Well, to be honest, I have no clue about anything, being new to all this.  I was looking at books and pictures online, and at the doe condition chart in one of our books, and I can very easily feel their ribs and slightly see them.  But they do seem healthy and energetic, their droppings are appropriate, and honestly it could just be newbie confusion!  

So...we will resist the temptation to increase their feed at least until we can judge it a little better, counting on their available forage and free choice hay to help them fatten up if they need it.  

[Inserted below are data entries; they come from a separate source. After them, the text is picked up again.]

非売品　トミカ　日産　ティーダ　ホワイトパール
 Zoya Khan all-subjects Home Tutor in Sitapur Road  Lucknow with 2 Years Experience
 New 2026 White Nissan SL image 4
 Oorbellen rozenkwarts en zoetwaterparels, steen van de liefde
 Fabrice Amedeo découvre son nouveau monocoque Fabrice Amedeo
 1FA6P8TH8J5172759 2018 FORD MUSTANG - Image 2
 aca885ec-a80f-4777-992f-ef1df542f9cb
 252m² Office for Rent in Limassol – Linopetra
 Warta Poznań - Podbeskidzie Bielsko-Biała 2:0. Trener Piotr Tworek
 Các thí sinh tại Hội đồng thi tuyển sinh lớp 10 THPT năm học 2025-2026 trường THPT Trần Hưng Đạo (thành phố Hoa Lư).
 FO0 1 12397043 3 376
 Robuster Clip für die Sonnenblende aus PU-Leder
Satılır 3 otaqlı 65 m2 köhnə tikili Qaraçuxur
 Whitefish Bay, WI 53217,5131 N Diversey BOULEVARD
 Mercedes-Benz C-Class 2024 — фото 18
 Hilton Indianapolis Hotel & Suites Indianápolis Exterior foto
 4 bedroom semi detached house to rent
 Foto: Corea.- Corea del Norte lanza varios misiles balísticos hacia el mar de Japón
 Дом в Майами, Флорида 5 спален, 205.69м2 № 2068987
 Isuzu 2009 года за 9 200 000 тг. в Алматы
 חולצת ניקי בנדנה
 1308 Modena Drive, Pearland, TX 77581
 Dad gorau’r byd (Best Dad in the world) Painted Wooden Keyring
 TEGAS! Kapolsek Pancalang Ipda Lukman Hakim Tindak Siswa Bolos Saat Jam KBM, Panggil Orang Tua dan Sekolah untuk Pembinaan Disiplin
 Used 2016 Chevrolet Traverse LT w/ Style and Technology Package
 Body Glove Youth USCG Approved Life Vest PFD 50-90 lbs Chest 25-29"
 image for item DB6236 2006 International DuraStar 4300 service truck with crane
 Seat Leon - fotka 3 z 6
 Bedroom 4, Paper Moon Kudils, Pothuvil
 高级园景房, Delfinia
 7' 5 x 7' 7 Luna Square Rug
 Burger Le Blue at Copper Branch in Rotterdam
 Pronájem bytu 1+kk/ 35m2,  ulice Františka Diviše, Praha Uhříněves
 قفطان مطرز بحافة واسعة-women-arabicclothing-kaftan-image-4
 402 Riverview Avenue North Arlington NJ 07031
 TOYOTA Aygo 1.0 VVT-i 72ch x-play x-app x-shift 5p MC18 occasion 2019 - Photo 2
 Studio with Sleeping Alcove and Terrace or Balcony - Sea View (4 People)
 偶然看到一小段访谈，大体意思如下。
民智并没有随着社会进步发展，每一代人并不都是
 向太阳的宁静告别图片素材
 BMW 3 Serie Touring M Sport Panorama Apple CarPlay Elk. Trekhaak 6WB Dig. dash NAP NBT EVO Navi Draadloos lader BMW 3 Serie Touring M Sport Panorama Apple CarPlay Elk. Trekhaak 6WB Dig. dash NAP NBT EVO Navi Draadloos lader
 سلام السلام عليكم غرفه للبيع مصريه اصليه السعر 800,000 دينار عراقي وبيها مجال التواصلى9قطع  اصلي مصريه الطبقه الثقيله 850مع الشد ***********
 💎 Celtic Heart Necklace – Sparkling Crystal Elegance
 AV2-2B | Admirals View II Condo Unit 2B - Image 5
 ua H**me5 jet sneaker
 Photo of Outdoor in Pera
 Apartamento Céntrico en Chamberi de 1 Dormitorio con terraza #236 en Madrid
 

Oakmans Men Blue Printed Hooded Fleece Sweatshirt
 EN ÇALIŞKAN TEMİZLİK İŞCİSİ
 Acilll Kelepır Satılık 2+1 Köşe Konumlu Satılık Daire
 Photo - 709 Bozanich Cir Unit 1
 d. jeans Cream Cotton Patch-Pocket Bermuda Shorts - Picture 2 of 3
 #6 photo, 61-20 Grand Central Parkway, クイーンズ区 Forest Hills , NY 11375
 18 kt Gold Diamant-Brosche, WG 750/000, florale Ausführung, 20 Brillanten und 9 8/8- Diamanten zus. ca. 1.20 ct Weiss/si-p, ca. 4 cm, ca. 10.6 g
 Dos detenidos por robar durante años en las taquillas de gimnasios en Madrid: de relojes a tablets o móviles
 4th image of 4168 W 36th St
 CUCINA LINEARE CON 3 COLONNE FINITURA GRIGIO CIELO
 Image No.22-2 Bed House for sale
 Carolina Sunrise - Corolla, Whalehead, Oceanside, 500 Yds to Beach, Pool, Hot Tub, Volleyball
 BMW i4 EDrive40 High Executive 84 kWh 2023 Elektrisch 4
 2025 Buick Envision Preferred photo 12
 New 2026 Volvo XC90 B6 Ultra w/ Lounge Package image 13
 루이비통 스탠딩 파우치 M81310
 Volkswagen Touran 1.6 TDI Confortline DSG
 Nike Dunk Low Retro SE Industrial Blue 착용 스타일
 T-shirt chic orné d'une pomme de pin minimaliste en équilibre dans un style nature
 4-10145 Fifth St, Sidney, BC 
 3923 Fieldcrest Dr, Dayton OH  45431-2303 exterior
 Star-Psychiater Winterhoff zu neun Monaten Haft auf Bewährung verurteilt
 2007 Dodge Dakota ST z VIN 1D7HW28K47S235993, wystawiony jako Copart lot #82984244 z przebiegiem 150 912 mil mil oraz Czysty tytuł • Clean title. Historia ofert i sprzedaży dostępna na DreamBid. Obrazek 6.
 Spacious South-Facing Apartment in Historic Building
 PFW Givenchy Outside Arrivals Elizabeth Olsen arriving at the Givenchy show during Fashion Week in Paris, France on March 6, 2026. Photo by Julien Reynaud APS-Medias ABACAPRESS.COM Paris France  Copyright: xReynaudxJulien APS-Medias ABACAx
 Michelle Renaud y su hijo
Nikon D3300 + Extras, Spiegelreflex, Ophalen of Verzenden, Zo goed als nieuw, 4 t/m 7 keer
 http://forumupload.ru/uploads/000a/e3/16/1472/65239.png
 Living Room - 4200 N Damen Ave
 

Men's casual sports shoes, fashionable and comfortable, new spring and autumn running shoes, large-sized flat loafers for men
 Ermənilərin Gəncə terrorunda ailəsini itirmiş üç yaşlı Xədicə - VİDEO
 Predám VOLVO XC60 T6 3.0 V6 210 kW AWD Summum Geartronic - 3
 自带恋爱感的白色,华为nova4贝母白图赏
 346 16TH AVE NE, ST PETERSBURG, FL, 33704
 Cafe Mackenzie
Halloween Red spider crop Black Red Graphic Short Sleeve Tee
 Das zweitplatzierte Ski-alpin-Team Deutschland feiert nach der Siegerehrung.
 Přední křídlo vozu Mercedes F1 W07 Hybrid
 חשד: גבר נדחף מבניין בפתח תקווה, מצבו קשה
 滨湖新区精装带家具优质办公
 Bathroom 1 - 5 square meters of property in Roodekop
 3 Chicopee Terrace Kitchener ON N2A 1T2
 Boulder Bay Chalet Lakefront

I have some wormer left over from the previous owners, it's the medicated food type, does that treat all kinds?  (The bag itself has no label on it).  Should we get a fecal test done or just try that?  

I checked into alfalfa hay and it's not available nearvy, but pellets and cubes are.  Cubes didn't seem a good idea, and we could pellets to combine with their food or just stick with what we've got.  

And I agree, they're adorable!  As sweet as dogs, and good dogs at that.  Although one of them was trying to play with my two year old and head butted him slightly and he fell over, boy was he upset and the goat looked so ashamed when I yelled at her!)  She likes him so much and truly just wanted to play.  So we'll make sure we monitor things, but they are definitely all cute together and so much fun.


----------



## cmjust0 (Sep 21, 2009)

Jster said:
			
		

> Well, to be honest, I have no clue about anything, being new to all this.  I was looking at books and pictures online, and at the doe condition chart in one of our books, and I can very easily feel their ribs and slightly see them.  But they do seem healthy and energetic, their droppings are appropriate, and honestly it could just be newbie confusion!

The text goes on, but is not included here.